• [REQUIRED WORK]: Omitting the pictures, restate all of the entries below exactly.

• [DATA RECORDS]:
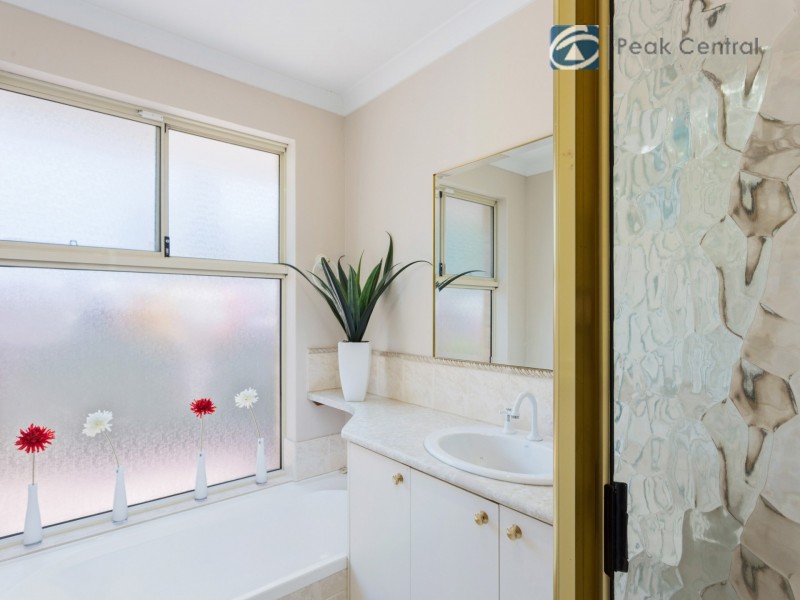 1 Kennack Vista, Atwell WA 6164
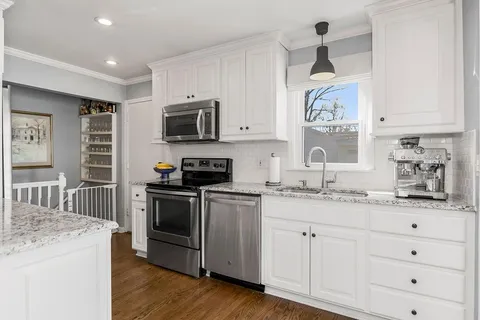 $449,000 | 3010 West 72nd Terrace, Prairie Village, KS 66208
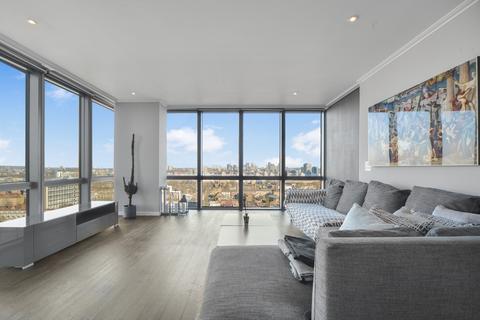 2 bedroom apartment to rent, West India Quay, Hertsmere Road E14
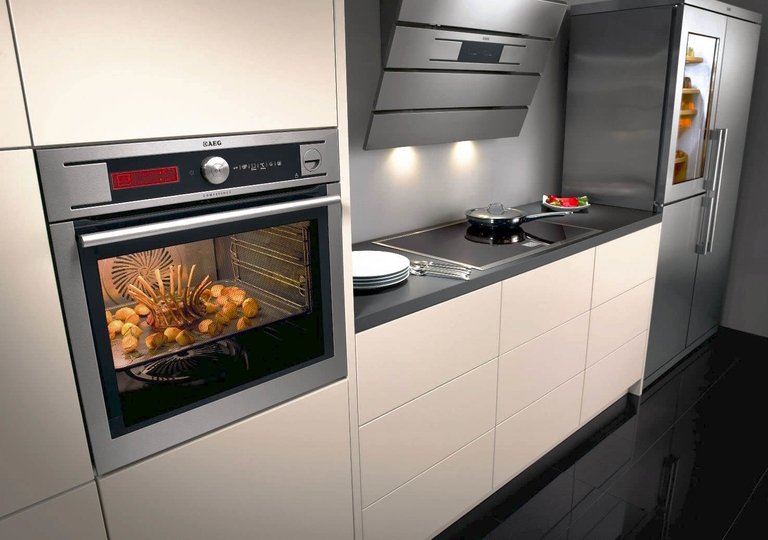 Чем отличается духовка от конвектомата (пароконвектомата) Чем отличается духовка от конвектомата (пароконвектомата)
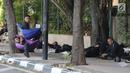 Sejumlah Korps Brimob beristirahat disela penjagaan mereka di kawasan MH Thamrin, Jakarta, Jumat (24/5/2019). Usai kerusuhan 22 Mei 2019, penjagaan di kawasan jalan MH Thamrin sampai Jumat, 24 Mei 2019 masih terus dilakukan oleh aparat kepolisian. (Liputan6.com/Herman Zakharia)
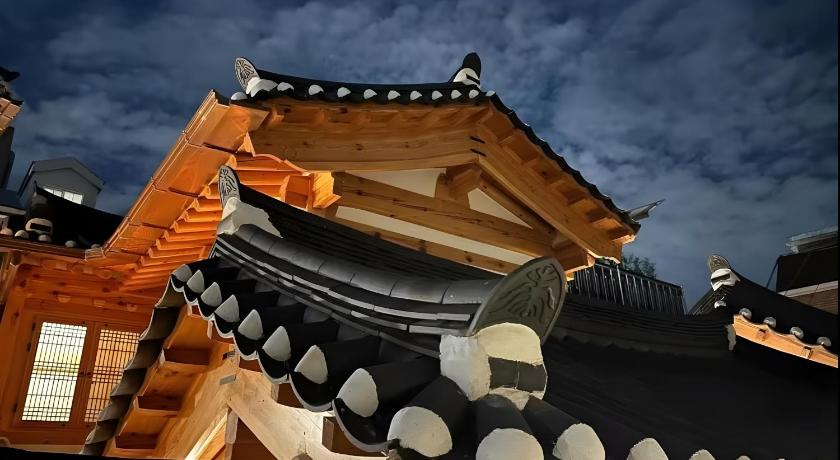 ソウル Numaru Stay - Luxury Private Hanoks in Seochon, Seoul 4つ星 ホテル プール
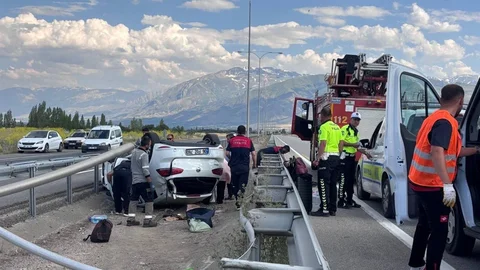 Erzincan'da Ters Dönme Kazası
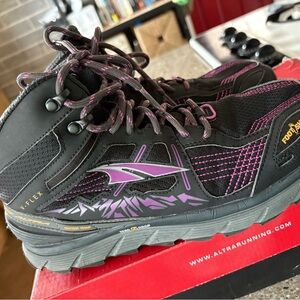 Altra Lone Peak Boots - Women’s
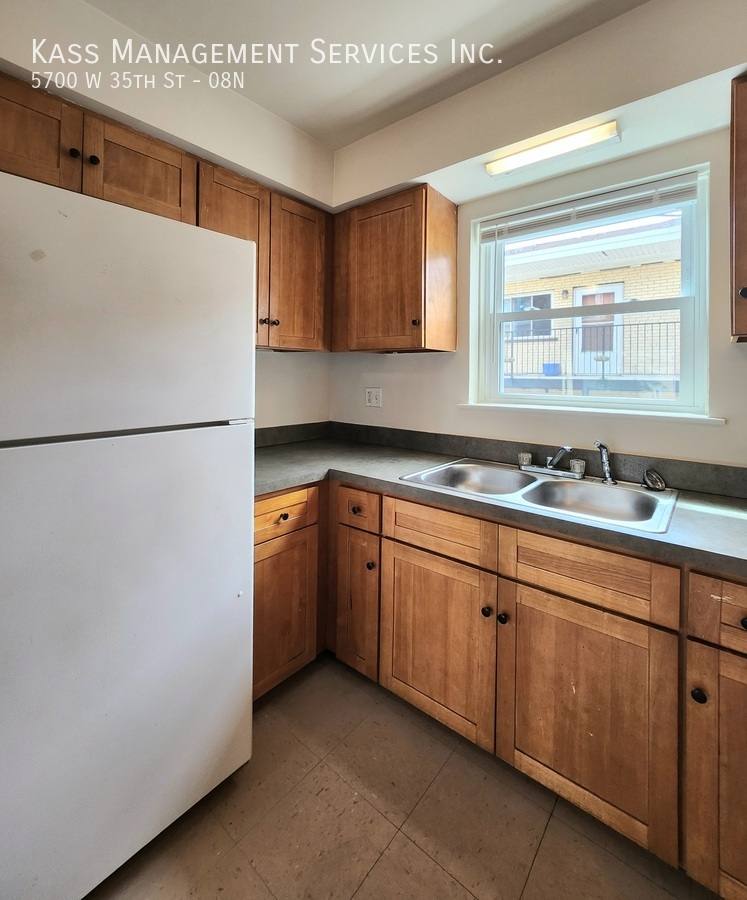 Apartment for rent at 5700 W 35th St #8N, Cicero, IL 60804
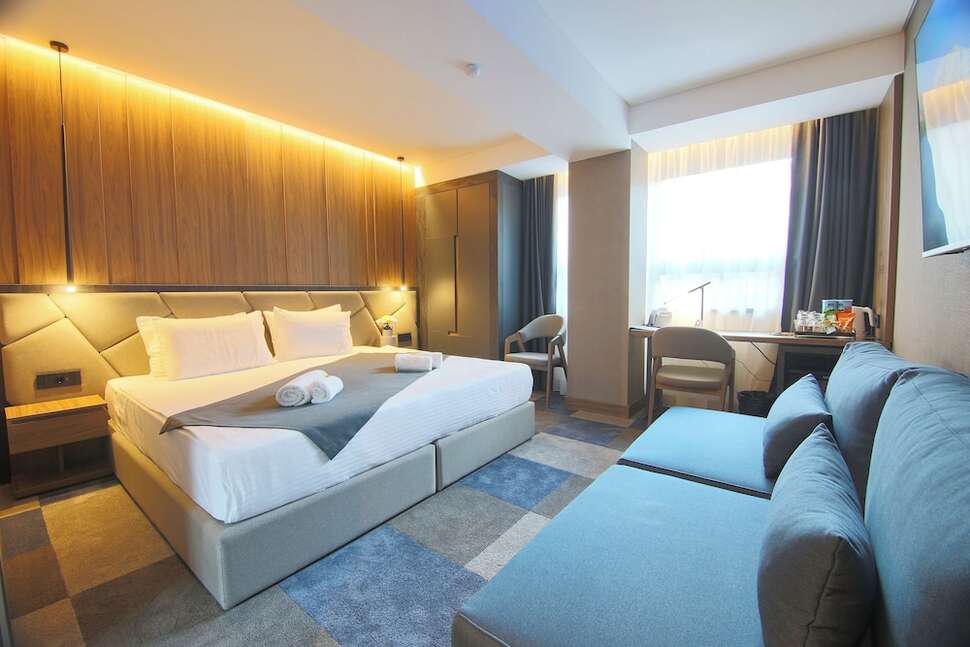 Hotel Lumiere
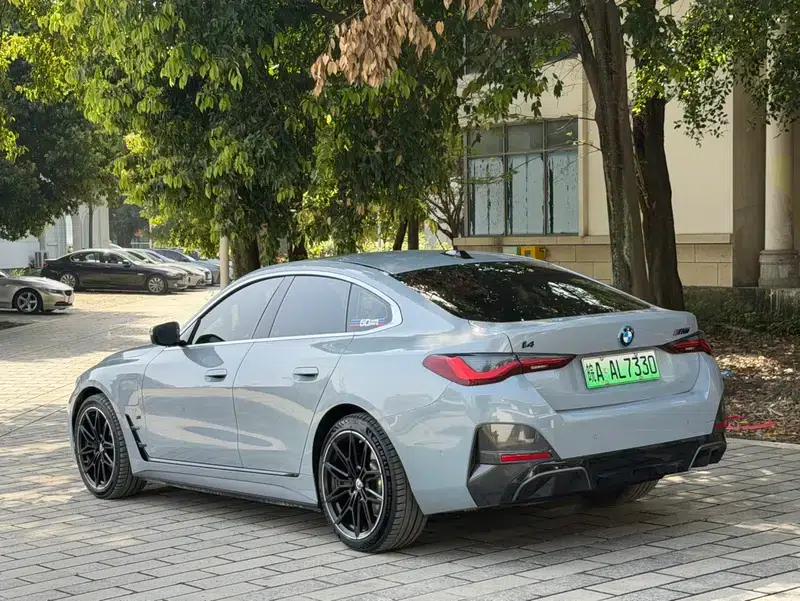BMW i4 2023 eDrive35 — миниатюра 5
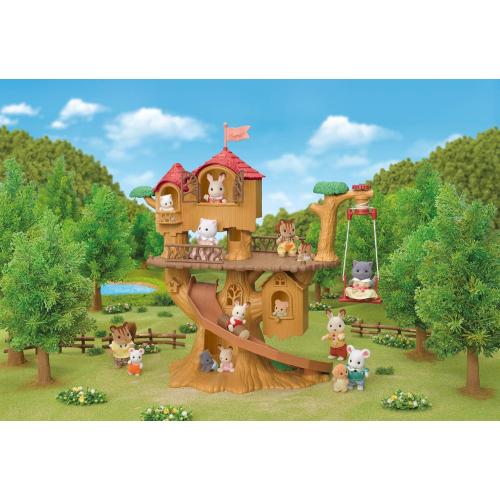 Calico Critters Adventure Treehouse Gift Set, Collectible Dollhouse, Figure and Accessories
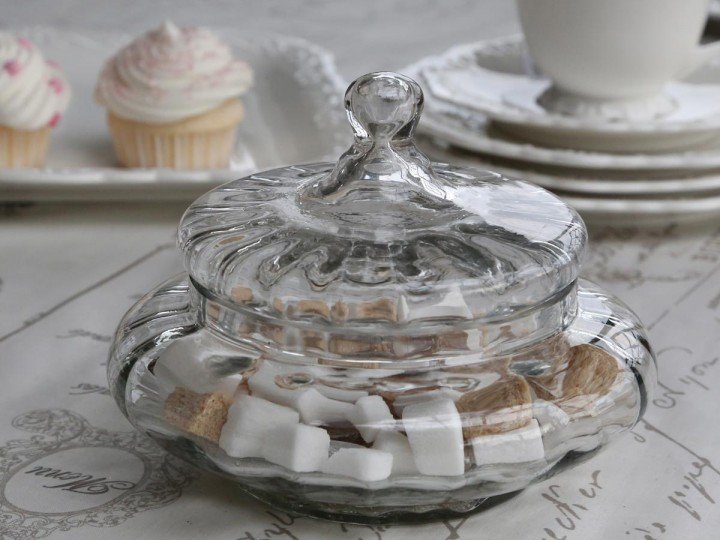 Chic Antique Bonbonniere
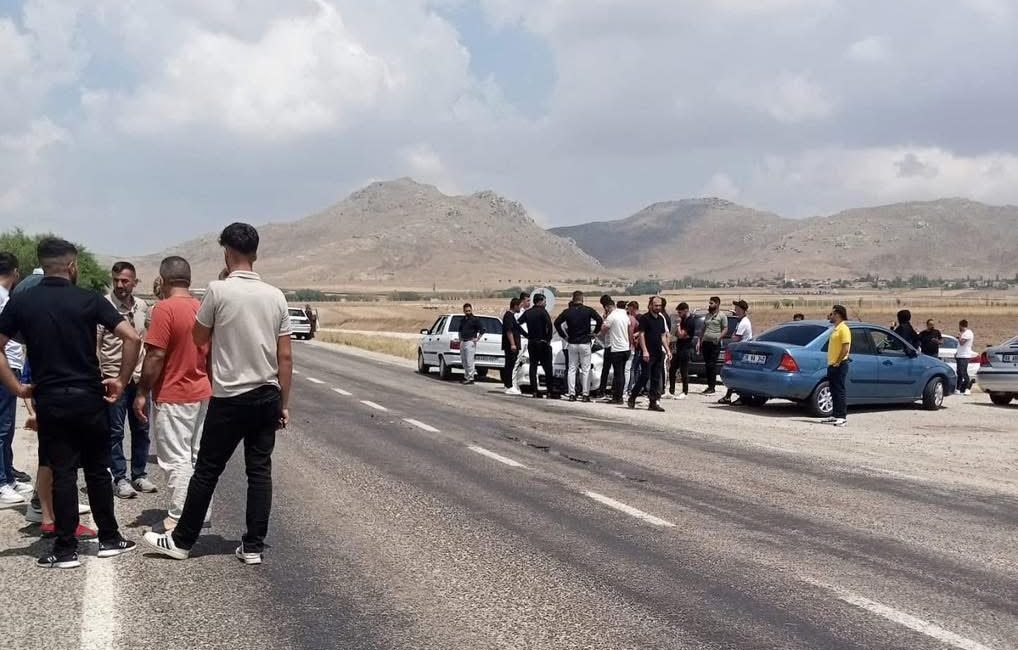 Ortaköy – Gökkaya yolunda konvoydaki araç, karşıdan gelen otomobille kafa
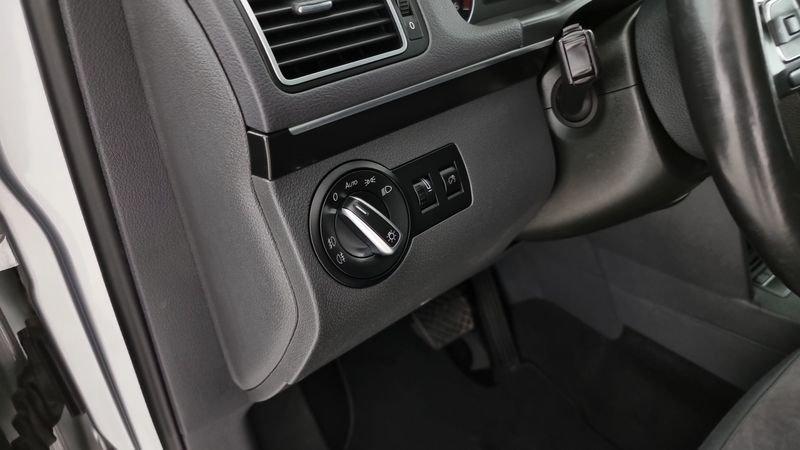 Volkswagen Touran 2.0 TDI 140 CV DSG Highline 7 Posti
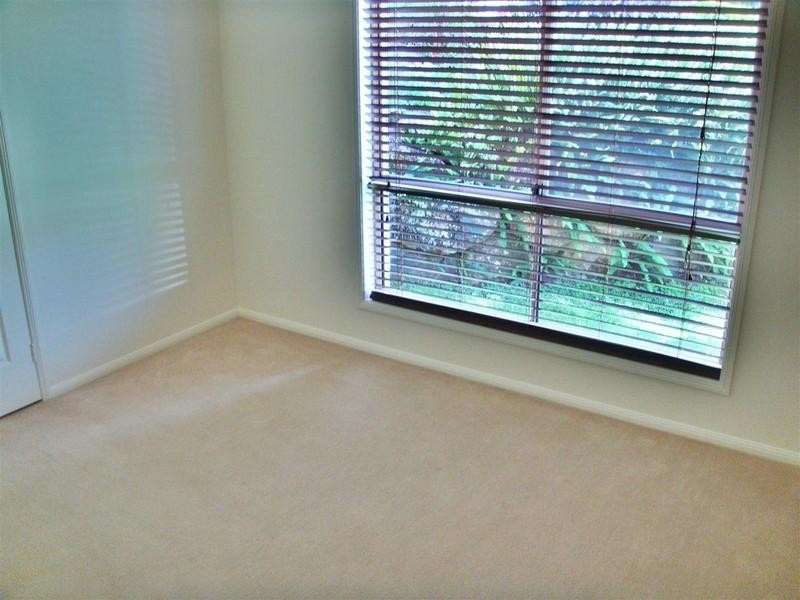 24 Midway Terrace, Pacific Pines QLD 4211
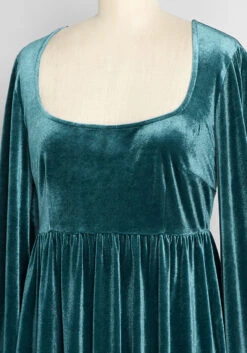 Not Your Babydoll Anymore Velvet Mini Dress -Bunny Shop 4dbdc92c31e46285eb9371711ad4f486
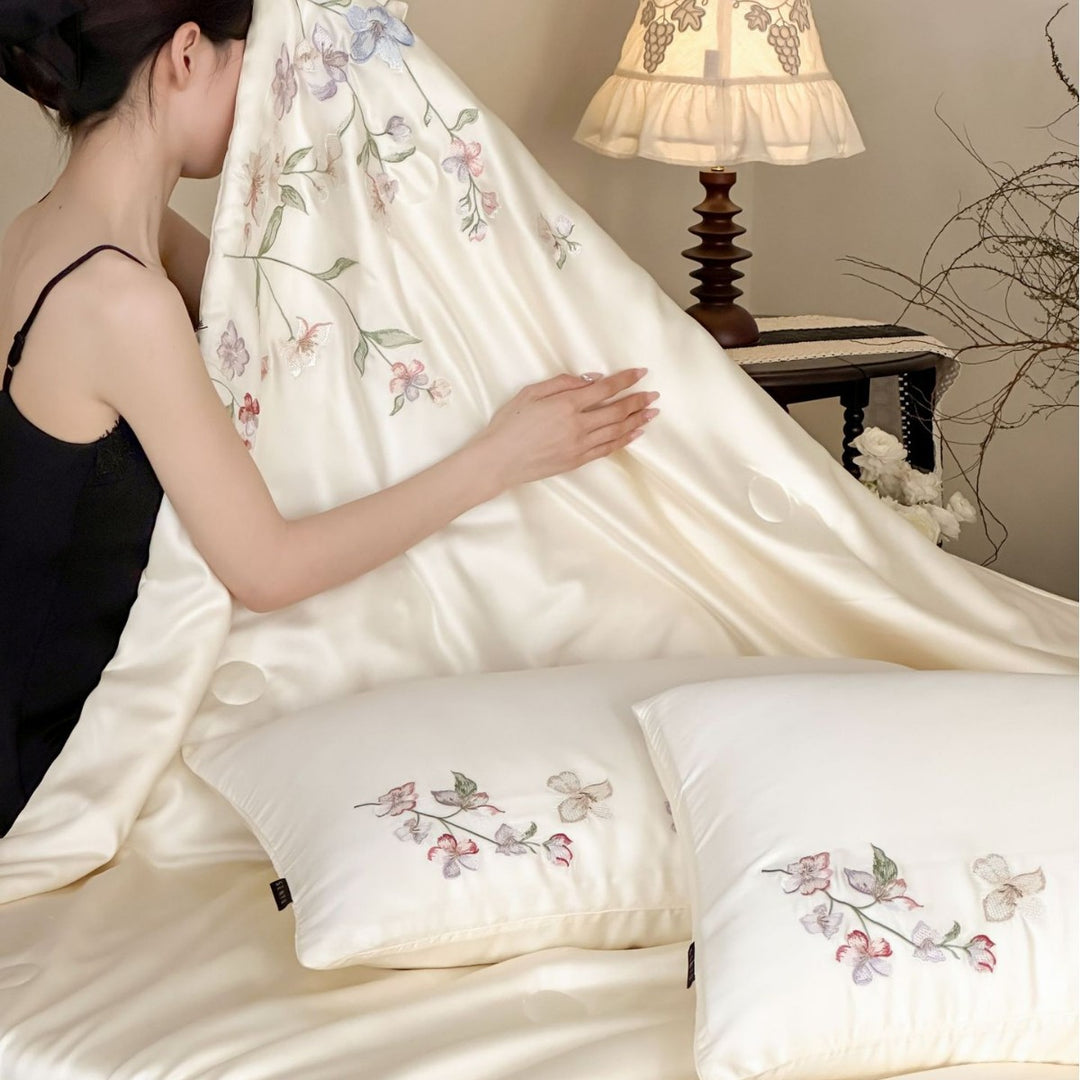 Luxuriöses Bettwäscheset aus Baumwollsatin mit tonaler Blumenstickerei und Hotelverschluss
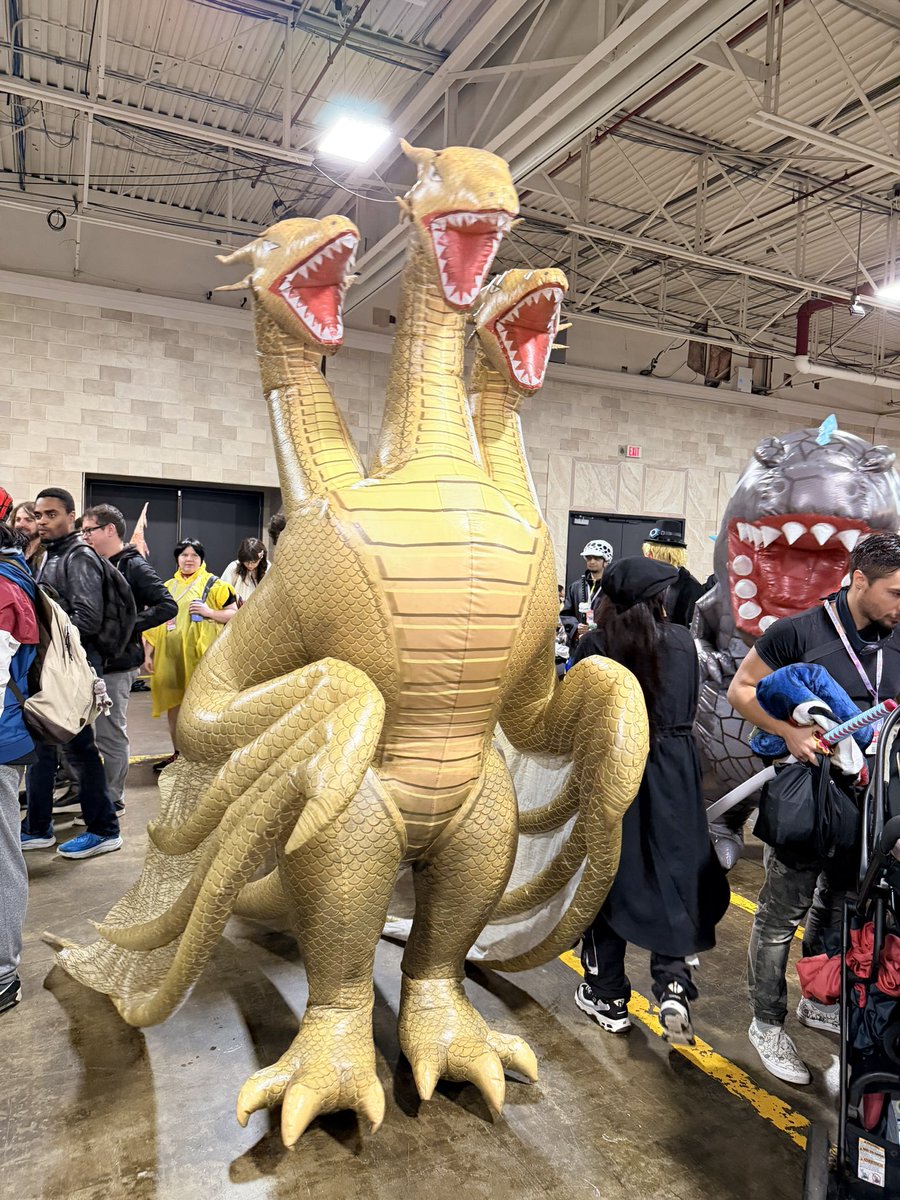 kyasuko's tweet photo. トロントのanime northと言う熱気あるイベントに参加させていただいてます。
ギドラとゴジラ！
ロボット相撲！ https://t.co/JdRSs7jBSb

• [SOLUTION FOR THIS PROBLEM]:
 1 Kennack Vista, Atwell WA 6164
 $449,000 | 3010 West 72nd Terrace, Prairie Village, KS 66208
 2 bedroom apartment to rent, West India Quay, Hertsmere Road E14
 Чем отличается духовка от конвектомата (пароконвектомата) Чем отличается духовка от конвектомата (пароконвектомата)
 Sejumlah Korps Brimob beristirahat disela penjagaan mereka di kawasan MH Thamrin, Jakarta, Jumat (24/5/2019). Usai kerusuhan 22 Mei 2019, penjagaan di kawasan jalan MH Thamrin sampai Jumat, 24 Mei 2019 masih terus dilakukan oleh aparat kepolisian. (Liputan6.com/Herman Zakharia)
 ソウル Numaru Stay - Luxury Private Hanoks in Seochon, Seoul 4つ星 ホテル プール
 Erzincan'da Ters Dönme Kazası
 Altra Lone Peak Boots - Women’s
 Apartment for rent at 5700 W 35th St #8N, Cicero, IL 60804
 Hotel Lumiere
BMW i4 2023 eDrive35 — миниатюра 5
 Calico Critters Adventure Treehouse Gift Set, Collectible Dollhouse, Figure and Accessories
 Chic Antique Bonbonniere
 Ortaköy – Gökkaya yolunda konvoydaki araç, karşıdan gelen otomobille kafa
 Volkswagen Touran 2.0 TDI 140 CV DSG Highline 7 Posti
 24 Midway Terrace, Pacific Pines QLD 4211
 Not Your Babydoll Anymore Velvet Mini Dress -Bunny Shop 4dbdc92c31e46285eb9371711ad4f486
 Luxuriöses Bettwäscheset aus Baumwollsatin mit tonaler Blumenstickerei und Hotelverschluss
 kyasuko's tweet photo. トロントのanime northと言う熱気あるイベントに参加させていただいてます。
ギドラとゴジラ！
ロボット相撲！ https://t.co/JdRSs7jBSb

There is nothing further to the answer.